J’avais oublié ce que pouvait être une bonne librairie (en cause, leur raréfaction et l’attrait de l’étiquette jaune – phénomènes qui s’entretiennent, d’ailleurs). Face à la grande surface littéraire, où les livres sont vendus comme n’importe quel produit, elle est pourtant essentielle : alors que Gibert est parfait pour les achats compulsifs et les bibliographies, une bonne petite librairie permet de repartir avec une trouvaille qu’on n’était pas précisément venu chercher – solides provisions versus viennoiserie à déguster sur l’instant. Le premier pousse du côté des auteurs dont on connaît déjà une œuvre, qui offrent un point d’accroche au regard glissant sur l’impeccable alignement des couvertures brillantes sous les néons, tandis que la seconde invite à se laisser surprendre, le hasard pouvant prendre l’aspect d’un titre intriguant ou d’une couverture qui dépasse, de l’œil qui est arrêté par un ouvrage mis en valeur ou de la main qui fouille les titres escamotés. Le choix peut n’être pas immense, mais il a le mérite d’être fait : le premier coup d’œil à la librairie Louis XIV à Saint-jean de Luz m’a dépitée, mais la maigre sélection s’est avérée être de premier choix. On avait envie de tout, ou plutôt non, pas de ce tout qui entraîne l’indécision et se conclut par rien : envie de chaque livre pris singulièrement, tiré à soi, hors de la rangée, retourné d’un geste caressant, découvert par sa quatrième de couverture. On est pour ainsi dire dans la bibliothèque de quelqu’un, doté de goûts peut
-être discutables mais particuliers. On pourra toujours objecter que la grande surface littéraire laisse au consommateur le choix de ses lectures, dans un éventail plus large que n’offrent les petites librairies.

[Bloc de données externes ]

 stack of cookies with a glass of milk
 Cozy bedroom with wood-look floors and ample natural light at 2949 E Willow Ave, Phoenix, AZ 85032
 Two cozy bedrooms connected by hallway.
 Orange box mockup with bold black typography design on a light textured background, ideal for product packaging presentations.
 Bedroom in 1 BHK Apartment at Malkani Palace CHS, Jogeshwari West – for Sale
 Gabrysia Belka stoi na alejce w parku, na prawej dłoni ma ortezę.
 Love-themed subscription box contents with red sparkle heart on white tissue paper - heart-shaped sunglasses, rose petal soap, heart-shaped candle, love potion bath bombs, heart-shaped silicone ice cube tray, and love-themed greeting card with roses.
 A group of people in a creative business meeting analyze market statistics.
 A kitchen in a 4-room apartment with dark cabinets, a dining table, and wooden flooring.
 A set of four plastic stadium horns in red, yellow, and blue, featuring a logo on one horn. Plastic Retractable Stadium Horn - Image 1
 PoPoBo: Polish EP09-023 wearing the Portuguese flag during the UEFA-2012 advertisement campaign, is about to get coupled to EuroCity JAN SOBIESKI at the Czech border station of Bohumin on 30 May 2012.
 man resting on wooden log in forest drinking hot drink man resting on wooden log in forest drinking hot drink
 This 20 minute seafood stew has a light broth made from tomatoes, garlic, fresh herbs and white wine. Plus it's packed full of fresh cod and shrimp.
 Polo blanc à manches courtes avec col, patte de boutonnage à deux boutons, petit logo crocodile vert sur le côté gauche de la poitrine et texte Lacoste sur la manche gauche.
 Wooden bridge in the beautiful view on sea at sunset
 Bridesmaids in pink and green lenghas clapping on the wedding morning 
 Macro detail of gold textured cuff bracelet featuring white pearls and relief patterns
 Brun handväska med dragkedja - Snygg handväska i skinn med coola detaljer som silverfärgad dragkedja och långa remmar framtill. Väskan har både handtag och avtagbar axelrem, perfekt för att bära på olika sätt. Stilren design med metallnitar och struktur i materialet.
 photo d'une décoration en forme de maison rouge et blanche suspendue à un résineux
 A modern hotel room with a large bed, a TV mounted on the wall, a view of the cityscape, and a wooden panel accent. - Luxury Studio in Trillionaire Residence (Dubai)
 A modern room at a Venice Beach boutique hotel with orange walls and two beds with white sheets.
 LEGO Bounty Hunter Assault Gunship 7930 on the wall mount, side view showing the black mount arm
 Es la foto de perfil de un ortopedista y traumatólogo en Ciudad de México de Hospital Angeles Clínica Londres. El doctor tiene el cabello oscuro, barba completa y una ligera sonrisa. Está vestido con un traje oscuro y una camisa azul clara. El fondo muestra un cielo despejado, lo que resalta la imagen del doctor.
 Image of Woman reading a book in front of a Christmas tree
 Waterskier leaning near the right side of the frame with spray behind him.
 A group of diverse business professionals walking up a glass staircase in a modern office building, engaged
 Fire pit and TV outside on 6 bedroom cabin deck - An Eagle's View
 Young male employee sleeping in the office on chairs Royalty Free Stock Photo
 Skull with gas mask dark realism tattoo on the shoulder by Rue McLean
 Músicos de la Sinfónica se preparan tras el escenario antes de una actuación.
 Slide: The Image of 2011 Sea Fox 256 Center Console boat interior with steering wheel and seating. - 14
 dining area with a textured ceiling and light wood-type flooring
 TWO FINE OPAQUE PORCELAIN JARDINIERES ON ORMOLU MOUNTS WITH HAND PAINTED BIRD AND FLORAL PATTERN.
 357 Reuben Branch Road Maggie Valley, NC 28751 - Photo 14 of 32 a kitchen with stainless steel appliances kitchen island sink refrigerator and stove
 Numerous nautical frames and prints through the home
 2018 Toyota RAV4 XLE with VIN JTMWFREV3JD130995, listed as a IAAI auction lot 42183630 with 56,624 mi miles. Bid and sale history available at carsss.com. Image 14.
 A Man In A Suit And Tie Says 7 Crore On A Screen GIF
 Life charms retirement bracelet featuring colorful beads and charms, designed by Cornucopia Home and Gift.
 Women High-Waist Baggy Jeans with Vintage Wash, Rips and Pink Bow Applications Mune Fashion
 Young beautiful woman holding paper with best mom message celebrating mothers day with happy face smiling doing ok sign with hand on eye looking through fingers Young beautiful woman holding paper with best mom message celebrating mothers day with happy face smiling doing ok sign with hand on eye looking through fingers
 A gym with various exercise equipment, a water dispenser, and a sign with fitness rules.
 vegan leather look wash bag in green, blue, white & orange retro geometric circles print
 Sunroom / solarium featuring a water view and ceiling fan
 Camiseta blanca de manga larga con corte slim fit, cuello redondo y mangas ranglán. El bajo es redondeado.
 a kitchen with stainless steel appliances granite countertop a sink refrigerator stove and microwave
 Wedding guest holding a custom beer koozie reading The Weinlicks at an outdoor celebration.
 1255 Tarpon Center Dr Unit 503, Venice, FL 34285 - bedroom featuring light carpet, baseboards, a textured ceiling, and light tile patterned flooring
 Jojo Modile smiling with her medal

Mais l’éventail à nouveau se déploie, puisque le lecteur est libre de choisir l’une d’elles (ou de n’en choisir aucune et de papillonner à droite et à gauche) et la liberté y est encore plus grande de ce qu’elle ne flotte plus dans un environnement impersonnel et identique d’un magasin à l’autre d’une même franchise.

Et en toute incohérence, je continue à me faire débaucher par les étiquettes jaunes. Les occasions font le pardon.